Uma das frentes de investigação inclui a BK Financeira, baseada em Salvador, que recebeu aproximadamente 11 milhões de reais para intermediar novos convênios de empréstimos. Curiosamente, uma das sócias da BK é nora do senador Jaques Wagner, enquanto aliados do político foram os responsáveis por indicar ex-ministros de governos petistas para consultorias no banco. A defesa de Wagner nega qualquer tipo de intermediação ou favorecimento, mas as relações levantam suspeitas.
O CredCesta se tornou o principal vetor de crescimento do Banco Master na Bahia, caracterizado por taxas de juros elevadas e uma operação que se assemelha a um monopólio regional. Neste momento, as autoridades estão investigando se a estrutura utilizada para o CredCesta também foi aplicada em descontos irregulares em aposentadorias do INSS, o que poderia ampliar ainda mais as implicações do caso.
Em resposta aos questionamentos, o presidente Lula, em um tom institucional, defende que não há envolvimento pessoal de sua parte e responsabiliza a gestão anterior por falhas na supervisão. Ele pediu uma investigação rigorosa, abordando todas as situações que possam surgir. O Palácio do Planalto, por sua vez, acrescentou que qualquer discrepância deveria ter sido detectada pelo Banco Central durante a administração pregressa.
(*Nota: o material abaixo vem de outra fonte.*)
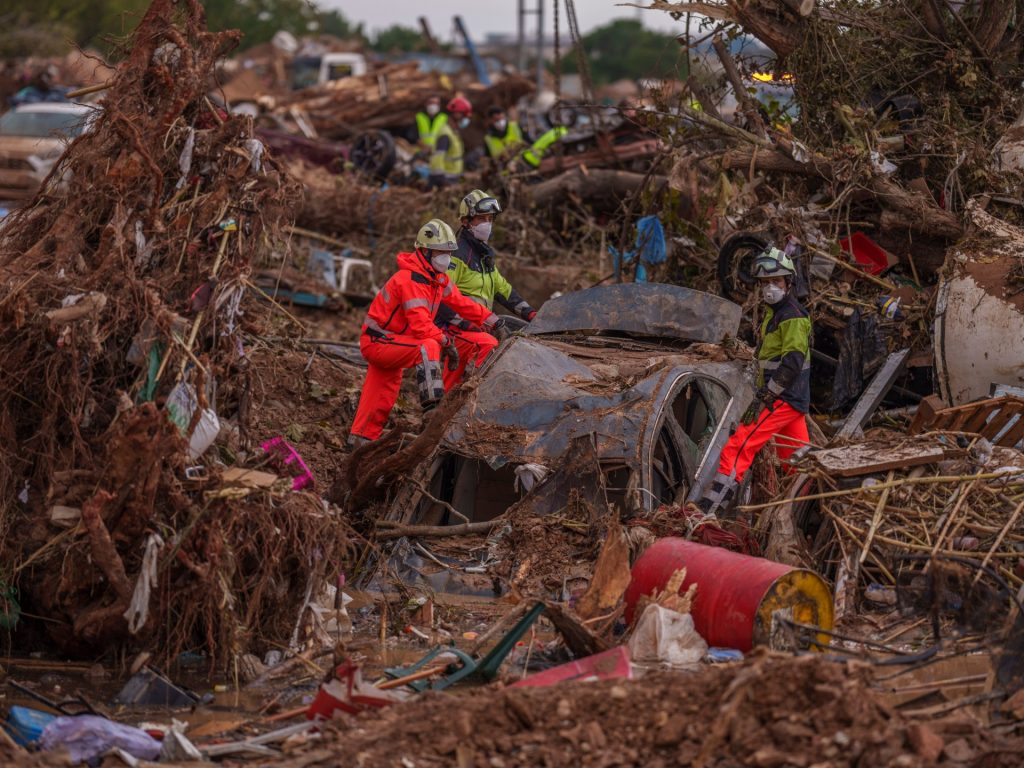I soccorritori spagnoli cercano i corpi nei garage dopo le devastanti inondazioni | Notizie sul clima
No âmbito legislativo, os opositores estão pleiteando a criação de uma Comissão Parlamentar de Inquérito (CPI) para examinar as circunstâncias do caso Master. No entanto, sua realização depende do apoio dos presidentes da Câmara, Hugo Motta, e do Senado, Davi Alcolumbre. Além disso, a Comissão Mista de Inquérito (CPMI) do INSS já está considerando informações sobre empresários baianos que têm ligações com o banco.
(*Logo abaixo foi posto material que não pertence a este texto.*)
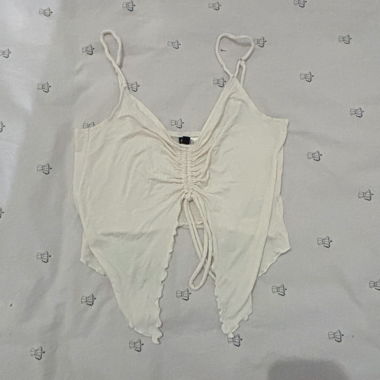 Top corto bianco arricciato con laccio frontale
Especialistas alertam que a situação tem potencial para se tornar um tema central no debate político nos meses que se aproximam, influenciando a agenda eleitoral de 2026. A tensão se intensifica em torno da necessidade de checar contratos, indicações e possíveis consequências judiciais relacionadas ao crédito consignado na Bahia.
Uma fonte próxima ao caso revelou que as informações foram cuidadosamente apuradas pela equipe de repórteres da Gazeta do Povo, envolvendo uma análise detalhada das conexões entre o governo local, o sistema de crédito consignado e o Banco Master.